How to Fix Your Business in Seven Days

Your business is struggling. You are not sure what the problem is. Everything you look at is okay, but not great.

You have made suggestions in the past, some of which have been followed, others ignored. There has been some improvement here and there but nothing substantial. You know what it feels like when your business is in a groove. Your business is not in a groove.

What do you do?

Here’s an idea I got from John Forde, the copywriter, with some post-conversation embellishments of my own.

John’s idea is to makeover you business in seven days. John points out that there is genius in limiting the change to 7 days because it forces you to pay close attention to the most important things.

The model for the 7 day business, John suggested, are the reality shows where some expert comes into some situation – a house in need of repair, a love affair gone wrong, a hair saloon in decline – and fixes it.

I thought it would be fun to explain this idea using one such show I’ve seen and enjoy: Hell’s Kitchen – in which Gordon Ramsay, the celebrity chef, spends a week in a troubled restaurant and completely revamps the place in that short amount time. Then do the same thing with your business.

What does Gordon Ramsay do?

He observes closely and makes assessments and then he changes things – dramatically. He focuses on the three most important aspects of any business.
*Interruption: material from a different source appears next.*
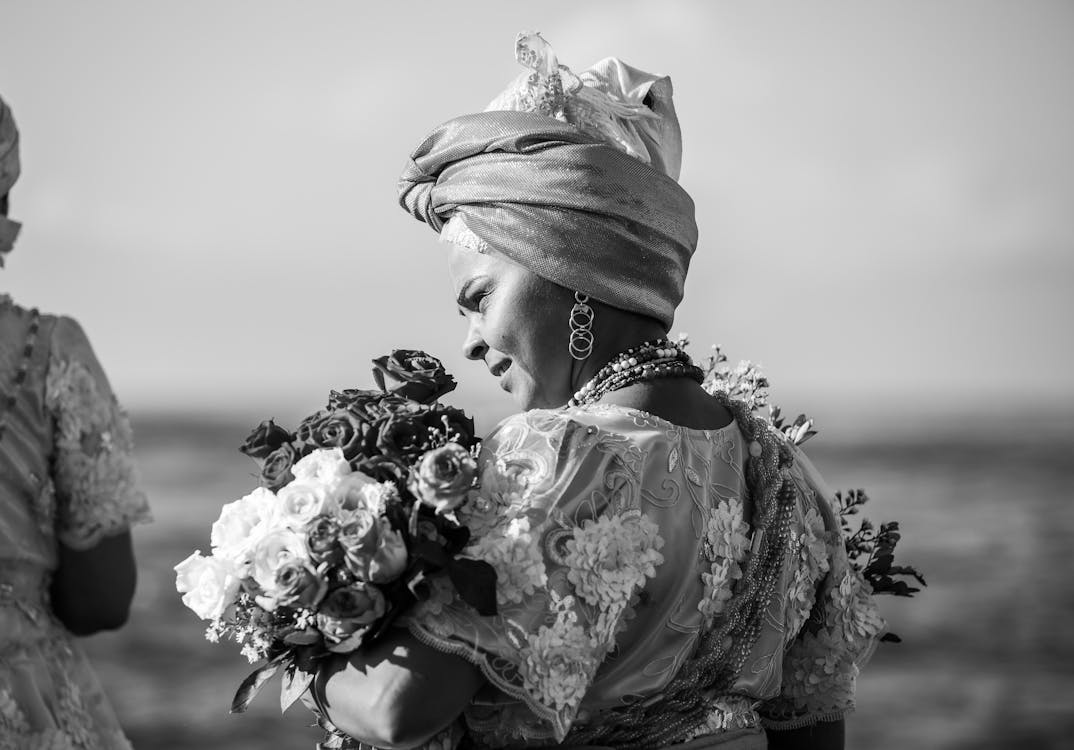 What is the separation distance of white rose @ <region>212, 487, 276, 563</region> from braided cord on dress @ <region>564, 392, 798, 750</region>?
2.38 feet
I call them “the three P’s.” They are the key people who run the business, the products the business makes and the processes involved in producing and selling the product.

Ramsay observes the manager, the cooks and the wait people. He figures out who are really good and who are really bad. Then he does his best to get rid of or redeploy the mediocre people. He then applies the same approach to the products – the menu of dishes they serve. Out with the bad stuff and improve on the good stuff. He then observes how the kitchen and the dining room operate – the efficiency and effectiveness of everything that is done. And he makes dramatic changes.

As John said, ‘What’s great about this kind of seven-days-or-bust approach is that it forces decisions that are usually stuck in limbo (e.g. Keep this franchise or kill it and move on?), waiting for the “one great package”… the “one great offer”… etc. that’s supposed to turn everything around.”